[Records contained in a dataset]
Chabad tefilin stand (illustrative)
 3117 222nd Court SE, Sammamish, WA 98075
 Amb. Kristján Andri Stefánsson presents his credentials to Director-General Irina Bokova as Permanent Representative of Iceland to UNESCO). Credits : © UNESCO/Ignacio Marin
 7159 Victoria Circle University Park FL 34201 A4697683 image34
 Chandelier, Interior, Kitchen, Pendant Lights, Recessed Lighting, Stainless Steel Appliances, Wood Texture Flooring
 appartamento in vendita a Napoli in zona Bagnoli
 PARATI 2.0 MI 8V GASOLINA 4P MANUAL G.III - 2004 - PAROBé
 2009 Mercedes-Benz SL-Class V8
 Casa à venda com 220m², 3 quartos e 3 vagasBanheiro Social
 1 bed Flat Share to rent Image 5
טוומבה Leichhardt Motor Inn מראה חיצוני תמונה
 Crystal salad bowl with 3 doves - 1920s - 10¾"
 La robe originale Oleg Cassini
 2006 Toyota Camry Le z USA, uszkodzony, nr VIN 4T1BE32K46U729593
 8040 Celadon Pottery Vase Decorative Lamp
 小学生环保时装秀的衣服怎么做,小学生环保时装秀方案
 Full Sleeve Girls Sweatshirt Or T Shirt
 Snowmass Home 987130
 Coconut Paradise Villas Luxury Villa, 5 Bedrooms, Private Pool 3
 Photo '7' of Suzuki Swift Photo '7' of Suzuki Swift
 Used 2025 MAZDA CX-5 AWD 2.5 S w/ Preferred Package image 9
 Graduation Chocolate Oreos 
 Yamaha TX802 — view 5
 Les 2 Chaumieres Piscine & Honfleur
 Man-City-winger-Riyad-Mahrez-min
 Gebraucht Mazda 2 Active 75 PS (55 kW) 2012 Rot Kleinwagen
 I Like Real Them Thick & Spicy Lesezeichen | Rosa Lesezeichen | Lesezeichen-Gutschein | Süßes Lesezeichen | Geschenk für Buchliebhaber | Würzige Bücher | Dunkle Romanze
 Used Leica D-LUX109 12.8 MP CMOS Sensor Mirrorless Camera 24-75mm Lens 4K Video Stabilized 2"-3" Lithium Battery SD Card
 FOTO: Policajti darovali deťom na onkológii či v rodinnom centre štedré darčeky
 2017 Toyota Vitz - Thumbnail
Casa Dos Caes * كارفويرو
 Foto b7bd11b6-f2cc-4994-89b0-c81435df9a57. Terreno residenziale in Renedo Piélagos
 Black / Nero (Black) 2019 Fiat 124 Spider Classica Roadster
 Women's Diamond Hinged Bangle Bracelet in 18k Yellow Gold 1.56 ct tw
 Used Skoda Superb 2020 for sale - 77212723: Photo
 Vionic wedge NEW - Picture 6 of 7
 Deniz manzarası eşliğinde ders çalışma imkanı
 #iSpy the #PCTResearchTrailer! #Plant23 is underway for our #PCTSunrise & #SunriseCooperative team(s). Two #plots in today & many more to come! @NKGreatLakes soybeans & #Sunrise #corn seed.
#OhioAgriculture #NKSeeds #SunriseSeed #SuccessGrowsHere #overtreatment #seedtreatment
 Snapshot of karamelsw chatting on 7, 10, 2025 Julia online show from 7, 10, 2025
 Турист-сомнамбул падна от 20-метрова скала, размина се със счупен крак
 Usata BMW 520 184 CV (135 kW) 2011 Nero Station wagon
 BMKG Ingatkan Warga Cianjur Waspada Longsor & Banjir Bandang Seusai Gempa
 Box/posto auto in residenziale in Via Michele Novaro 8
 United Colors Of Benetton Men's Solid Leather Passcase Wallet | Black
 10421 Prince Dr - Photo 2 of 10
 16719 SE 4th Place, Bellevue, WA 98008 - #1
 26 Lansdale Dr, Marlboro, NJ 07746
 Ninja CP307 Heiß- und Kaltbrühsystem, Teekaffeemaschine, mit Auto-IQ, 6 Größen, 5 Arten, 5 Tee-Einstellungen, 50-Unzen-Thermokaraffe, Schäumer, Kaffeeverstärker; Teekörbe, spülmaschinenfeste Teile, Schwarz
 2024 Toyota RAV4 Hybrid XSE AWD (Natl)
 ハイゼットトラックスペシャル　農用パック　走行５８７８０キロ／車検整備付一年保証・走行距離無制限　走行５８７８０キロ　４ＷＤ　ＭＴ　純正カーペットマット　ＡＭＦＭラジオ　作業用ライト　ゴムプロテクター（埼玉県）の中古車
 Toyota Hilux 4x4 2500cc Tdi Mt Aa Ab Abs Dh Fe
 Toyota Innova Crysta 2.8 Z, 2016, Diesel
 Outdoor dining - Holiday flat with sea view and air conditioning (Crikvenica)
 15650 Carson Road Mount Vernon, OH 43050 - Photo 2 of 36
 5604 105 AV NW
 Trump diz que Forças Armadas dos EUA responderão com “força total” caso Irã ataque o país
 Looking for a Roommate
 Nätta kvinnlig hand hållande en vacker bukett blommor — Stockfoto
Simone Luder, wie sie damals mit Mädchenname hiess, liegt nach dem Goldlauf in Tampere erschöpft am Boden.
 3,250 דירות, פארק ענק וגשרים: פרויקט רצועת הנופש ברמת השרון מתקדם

TASK DIRECTIONS
Take the entries above and write them out again unchanged.

TASK SOLUTION
Chabad tefilin stand (illustrative)
 3117 222nd Court SE, Sammamish, WA 98075
 Amb. Kristján Andri Stefánsson presents his credentials to Director-General Irina Bokova as Permanent Representative of Iceland to UNESCO). Credits : © UNESCO/Ignacio Marin
 7159 Victoria Circle University Park FL 34201 A4697683 image34
 Chandelier, Interior, Kitchen, Pendant Lights, Recessed Lighting, Stainless Steel Appliances, Wood Texture Flooring
 appartamento in vendita a Napoli in zona Bagnoli
 PARATI 2.0 MI 8V GASOLINA 4P MANUAL G.III - 2004 - PAROBé
 2009 Mercedes-Benz SL-Class V8
 Casa à venda com 220m², 3 quartos e 3 vagasBanheiro Social
 1 bed Flat Share to rent Image 5
טוומבה Leichhardt Motor Inn מראה חיצוני תמונה
 Crystal salad bowl with 3 doves - 1920s - 10¾"
 La robe originale Oleg Cassini
 2006 Toyota Camry Le z USA, uszkodzony, nr VIN 4T1BE32K46U729593
 8040 Celadon Pottery Vase Decorative Lamp
 小学生环保时装秀的衣服怎么做,小学生环保时装秀方案
 Full Sleeve Girls Sweatshirt Or T Shirt
 Snowmass Home 987130
 Coconut Paradise Villas Luxury Villa, 5 Bedrooms, Private Pool 3
 Photo '7' of Suzuki Swift Photo '7' of Suzuki Swift
 Used 2025 MAZDA CX-5 AWD 2.5 S w/ Preferred Package image 9
 Graduation Chocolate Oreos 
 Yamaha TX802 — view 5
 Les 2 Chaumieres Piscine & Honfleur
 Man-City-winger-Riyad-Mahrez-min
 Gebraucht Mazda 2 Active 75 PS (55 kW) 2012 Rot Kleinwagen
 I Like Real Them Thick & Spicy Lesezeichen | Rosa Lesezeichen | Lesezeichen-Gutschein | Süßes Lesezeichen | Geschenk für Buchliebhaber | Würzige Bücher | Dunkle Romanze
 Used Leica D-LUX109 12.8 MP CMOS Sensor Mirrorless Camera 24-75mm Lens 4K Video Stabilized 2"-3" Lithium Battery SD Card
 FOTO: Policajti darovali deťom na onkológii či v rodinnom centre štedré darčeky
 2017 Toyota Vitz - Thumbnail
Casa Dos Caes * كارفويرو
 Foto b7bd11b6-f2cc-4994-89b0-c81435df9a57. Terreno residenziale in Renedo Piélagos
 Black / Nero (Black) 2019 Fiat 124 Spider Classica Roadster
 Women's Diamond Hinged Bangle Bracelet in 18k Yellow Gold 1.56 ct tw
 Used Skoda Superb 2020 for sale - 77212723: Photo
 Vionic wedge NEW - Picture 6 of 7
 Deniz manzarası eşliğinde ders çalışma imkanı
 #iSpy the #PCTResearchTrailer! #Plant23 is underway for our #PCTSunrise & #SunriseCooperative team(s). Two #plots in today & many more to come! @NKGreatLakes soybeans & #Sunrise #corn seed.
#OhioAgriculture #NKSeeds #SunriseSeed #SuccessGrowsHere #overtreatment #seedtreatment
 Snapshot of karamelsw chatting on 7, 10, 2025 Julia online show from 7, 10, 2025
 Турист-сомнамбул падна от 20-метрова скала, размина се със счупен крак
 Usata BMW 520 184 CV (135 kW) 2011 Nero Station wagon
 BMKG Ingatkan Warga Cianjur Waspada Longsor & Banjir Bandang Seusai Gempa
 Box/posto auto in residenziale in Via Michele Novaro 8
 United Colors Of Benetton Men's Solid Leather Passcase Wallet | Black
 10421 Prince Dr - Photo 2 of 10
 16719 SE 4th Place, Bellevue, WA 98008 - #1
 26 Lansdale Dr, Marlboro, NJ 07746
 Ninja CP307 Heiß- und Kaltbrühsystem, Teekaffeemaschine, mit Auto-IQ, 6 Größen, 5 Arten, 5 Tee-Einstellungen, 50-Unzen-Thermokaraffe, Schäumer, Kaffeeverstärker; Teekörbe, spülmaschinenfeste Teile, Schwarz
 2024 Toyota RAV4 Hybrid XSE AWD (Natl)
 ハイゼットトラックスペシャル　農用パック　走行５８７８０キロ／車検整備付一年保証・走行距離無制限　走行５８７８０キロ　４ＷＤ　ＭＴ　純正カーペットマット　ＡＭＦＭラジオ　作業用ライト　ゴムプロテクター（埼玉県）の中古車
 Toyota Hilux 4x4 2500cc Tdi Mt Aa Ab Abs Dh Fe
 Toyota Innova Crysta 2.8 Z, 2016, Diesel
 Outdoor dining - Holiday flat with sea view and air conditioning (Crikvenica)
 15650 Carson Road Mount Vernon, OH 43050 - Photo 2 of 36
 5604 105 AV NW
 Trump diz que Forças Armadas dos EUA responderão com “força total” caso Irã ataque o país
 Looking for a Roommate
 Nätta kvinnlig hand hållande en vacker bukett blommor — Stockfoto
Simone Luder, wie sie damals mit Mädchenname hiess, liegt nach dem Goldlauf in Tampere erschöpft am Boden.
 3,250 דירות, פארק ענק וגשרים: פרויקט רצועת הנופש ברמת השרון מתקדם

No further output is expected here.